The answer turned out to be both.
The Go-To-Market Problem
I'm the technical cofounder of a SaaS product. My cofounder handles the product photography side. I handle everything else — including the go-to-market, which is not my natural strength. We needed content. Strategy. Research into our market. Posting across platforms. Community engagement. The kind of sustained, daily marketing work that a solo technical founder never has enough hours for.
So I started using agents to help. And at first, it was genuinely great. They helped me write blogs, do competitive research, refine positioning, draft social posts, monitor communities. More output in a week than I'd have managed in a month doing it manually.
But I couldn't let them run unsupervised. The first drafts were consistently bad in ways that were hard to fix with a single prompt. The tone was off, the framing was generic, the strategic context was missing.
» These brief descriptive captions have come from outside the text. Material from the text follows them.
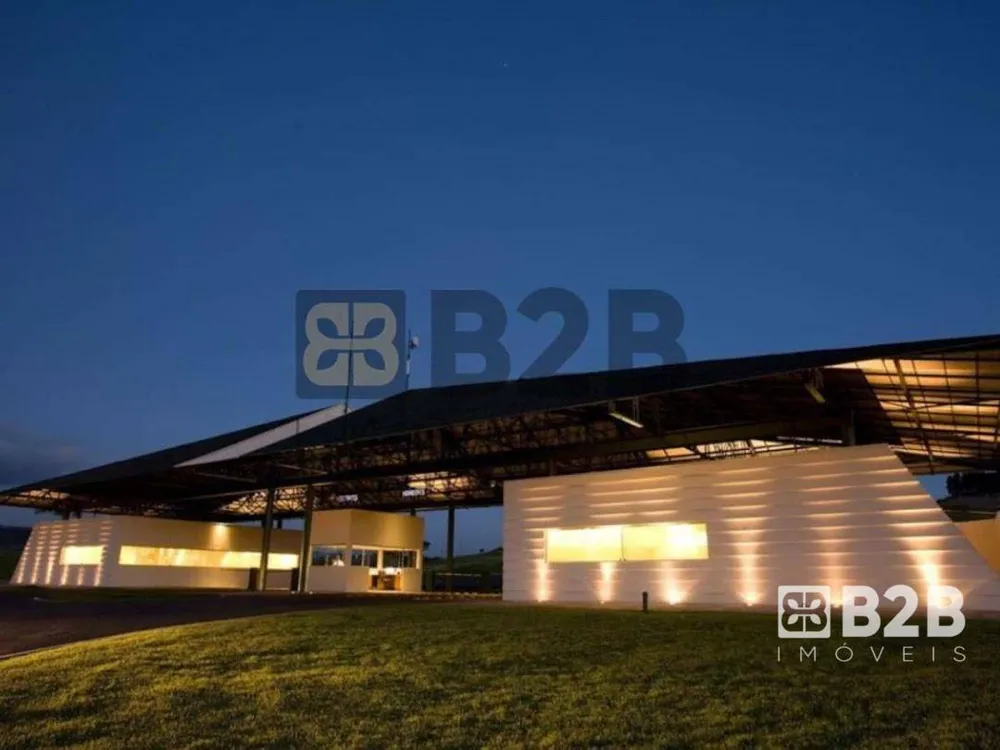 Terreno, 448 m² - Foto 2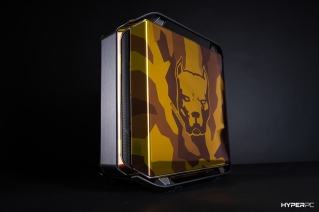 hyperpc erik davidych build photo 01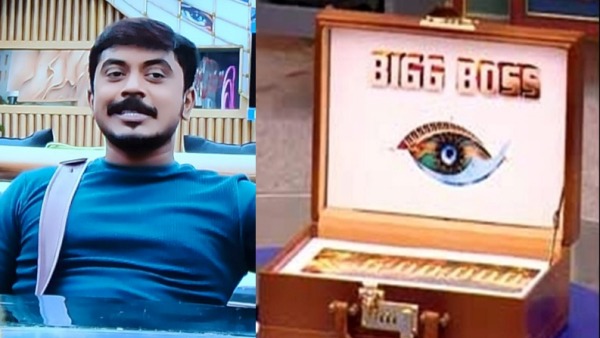 தொடர்ந்து வரும் சம்பிரதாயம் 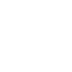 icon_mail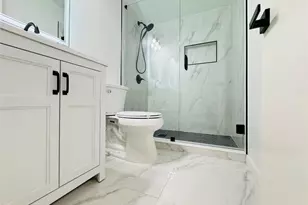 3317 Claymore Dr, Plano, TX 75075 - Photo 25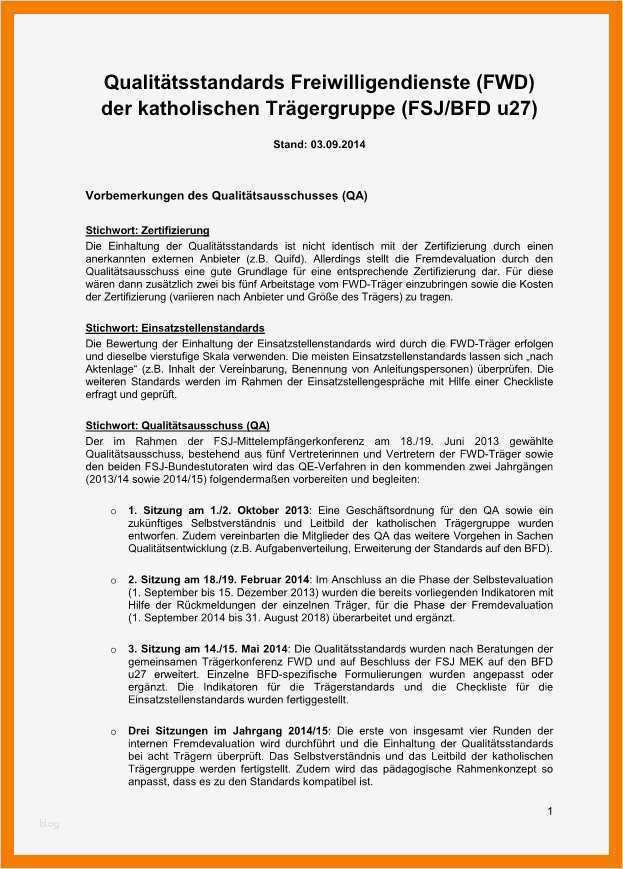 Fsj Bewerbung Vorlage Best Of Bewerbung Fsj Muster 0 original V Bildwandler Für Bfd so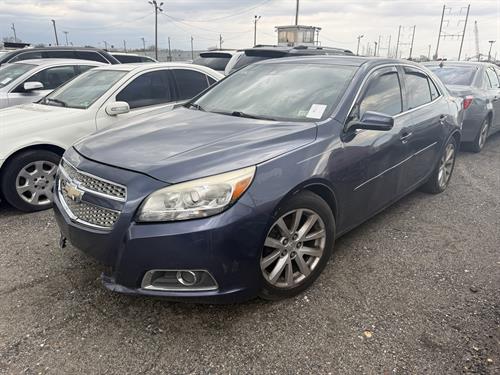 1-RotateNoneFlipNone81123d5e-8784-4817-b3ae-1cb9813be136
So I started writing skills for them — detailed instructions on voice, audience, positioning. I curated their context — what they should know about our market, our competitors, our users. I gave them examples of good output and bad output.
And that's when the overhead started. Managing agent context became its own job. Keeping skills updated. Making sure the right agent had the right information for the right task. It was like I'd hired a team that needed constant onboarding.
Meanwhile, my cron jobs and automation pipelines kept running perfectly. They were dumber but more reliable. A pipeline doesn't need personality files or memory management. It does the same thing every time with the right context because you iterated on it until it worked. It doesn't evolve, but it doesn't regress either.
What Agents Add vs What Pipelines Already Do
This was the tension I kept coming back to. Agents felt like management overhead where cron jobs and automation would suffice. If I need to post to Reddit every morning, I don't need an agent with a personality and a memory system. I need a cron job that runs a well-tested prompt with the right context.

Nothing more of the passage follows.